> [EXERCISE DETAILS] In this exercise, print only the lines from the line with "Crimson-collared Grosbeak - ML658104697" to the last line of the data below, inclusive. Any pictures should be left out.

> [AVAILABLE DATA]
####
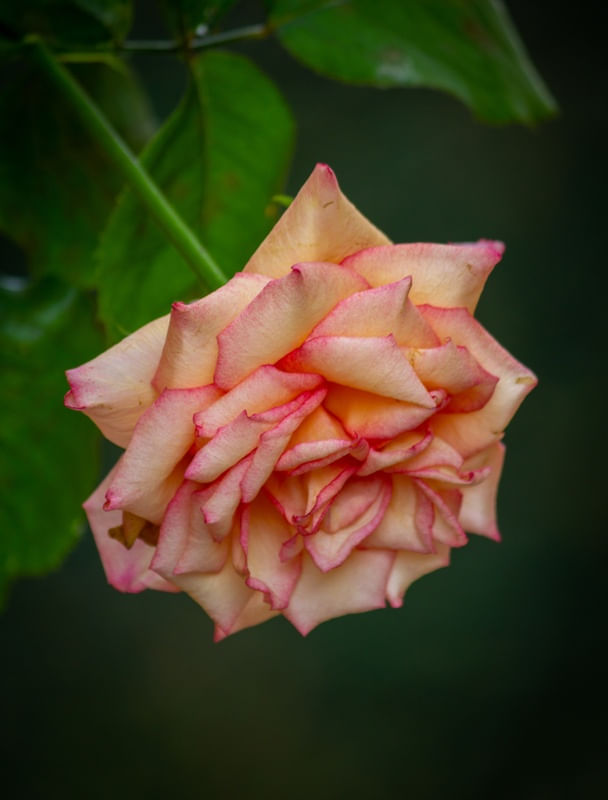 BELA ROSA
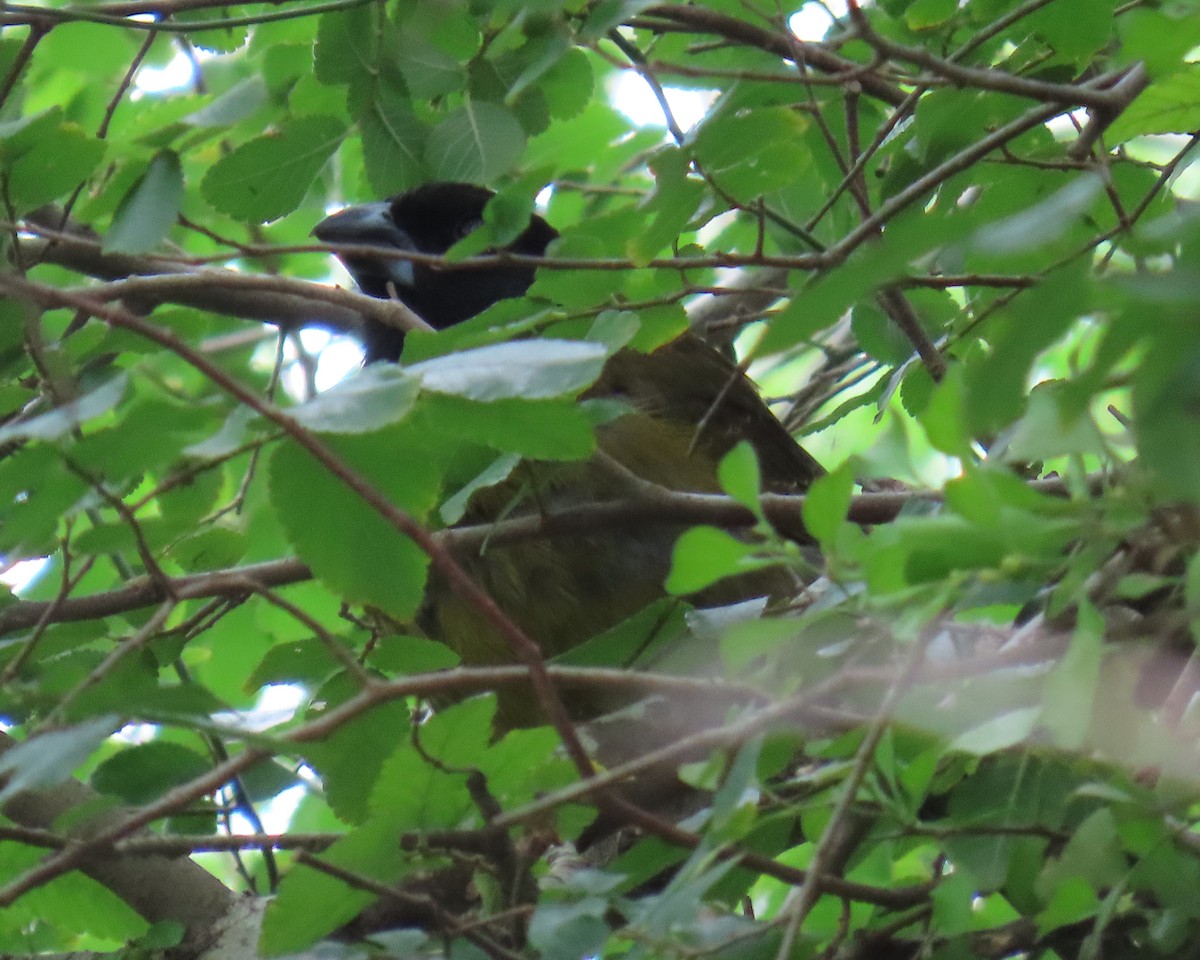 Crimson-collared Grosbeak - ML658104697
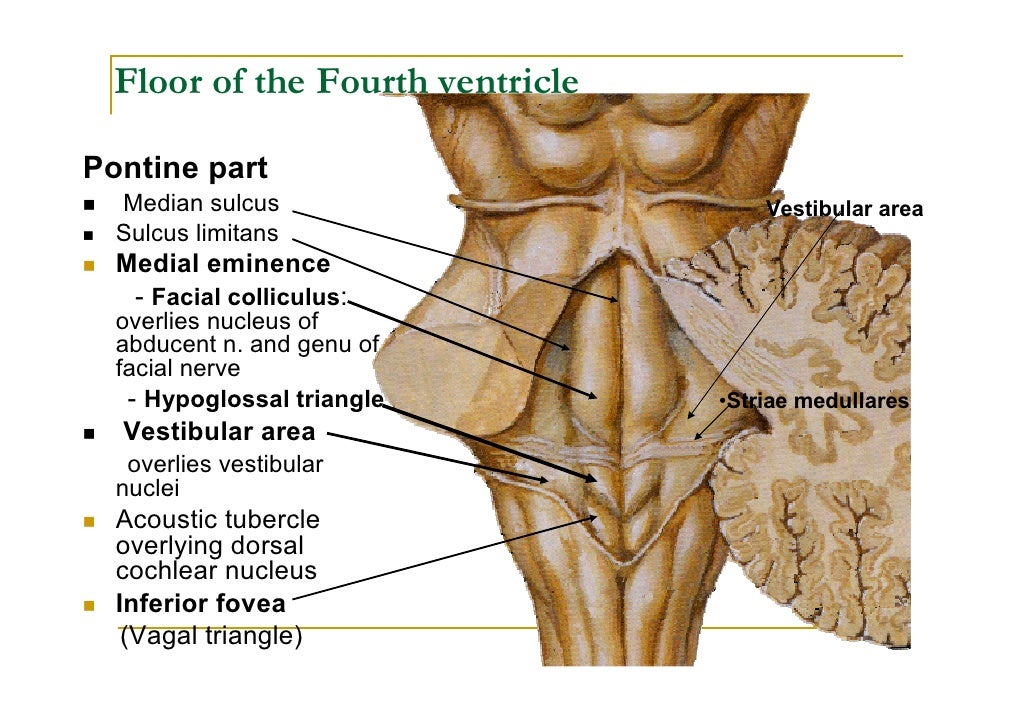 Floor Of Fourth Ventricle Viewfloor co Floor Of Fourth Ventricle Viewfloor co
####
> [REPLY TO THE TASK]
 Crimson-collared Grosbeak - ML658104697
 Floor Of Fourth Ventricle Viewfloor co Floor Of Fourth Ventricle Viewfloor co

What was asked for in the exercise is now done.